That’s the gift of an oscillating storyline. It doesn’t demand perfection, it demands attention to our strengths through our messes, our triumphs, and our challenges.

It might sound as simple as:

“We were all a wreck this morning, weren’t we? I was grumpy for sure. I love that we are a family who knows how to have fun again even after a morning like that.”


“Figuring out this distant learning thing is hard. I’m grateful that we’ve done hard things together before. I remember when…. We always find a way to figure things out together.”


“When you kids were all younger, I remember when I lost my job and we were all so scared. It’s kind of scary like that now. We were so creative then when we…. I was so proud of how we solved problems together. Look at us doing it again now as we find ways to support other families going through the same thing!”

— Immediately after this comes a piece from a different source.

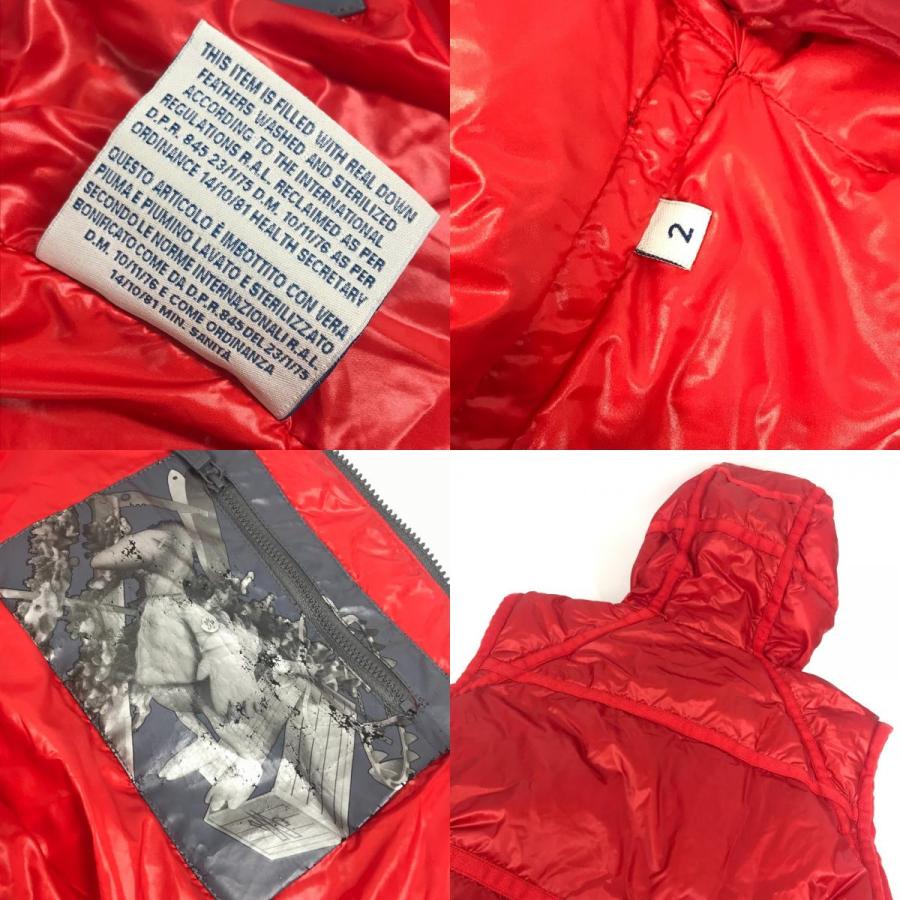 MONCLER モンクレール HEVER GILET HEVER VEST アパレル 袖なし ダウン  フード付き ダウンベスト レッド メンズ【中古】 | MONCLER | 08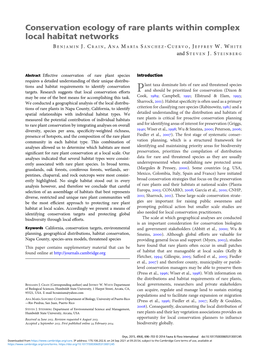 Conservation Ecology of Rare Plants Within Complex Local Habitat Networks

You have what you need to get started

Remember, research tells us that reminiscing about the everyday details of our family histories and narrating current events helps bind us together. It offers protection and builds resilience to get through this challenge and many more to come. Plus you can keep building on your family stories in ways that no one else can. There are no flash-cards that will help children understand your family’s strengths or believe in what you are capable of together. There are no online worksheets that will ensure that your children see both the uniqueness and intersections of our collective stories when this is all over. Instead, you have your love, your memories, your observations, and your creativity. With these, you can offer your kids stories of where you have been together and add new chapters as you go – one up and down at a time.